= Internet Domain Name Index =

Internet Domain Name Index (IDNX) is a price index for Internet domain names that tracks changes in the value of domains at the aggregate level. The index builds on the premise that domain names are comparable to developable land. Domains are seen as "locations" on the Internet where companies or individuals can set up a business or just a personal homepage. This core analogy warrants the transfer of theoretical and empirical frameworks from academic real estate research to Internet domains as "virtual land". IDNX was launched in July 2011 by Thies Lindenthal.

The period covered by IDNX reaches back to January 2006. Internet domain name prices exhibit a strong correlation to the IT stocks as measured by the NASDAQ index. When the IT industry is doing well, prices of domain names tend to rise. In periods of falling stock prices, domains prices usually fall as well. This co-movement shows that domain names are not an asset class on their own, but that the "real" and the "virtual" economy are closely linked.

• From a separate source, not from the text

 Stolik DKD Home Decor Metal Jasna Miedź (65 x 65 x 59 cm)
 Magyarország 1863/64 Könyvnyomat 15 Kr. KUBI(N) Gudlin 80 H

IDNX is estimated in two steps. First, a hedonic repeat sales regression gives 12 annual price indices, all starting at different months of the year. By looking at repeat sales of similar domains, the inherent quality of the domains is controlled for. In a second step, these staggered annual indices are converted to a monthly index using a frequency conversion technique developed by David Geltner and Sheharyar Bokhari (both from MIT). First estimating indexes at the annual frequency and later converting them to monthly numbers reduces the volatility in index estimates without imposing an explicit time-structure.

The empirical estimations are based on a large data set of more than 200,000 (as of October 2011) real domain transactions facilitated by the domain market place Sedo.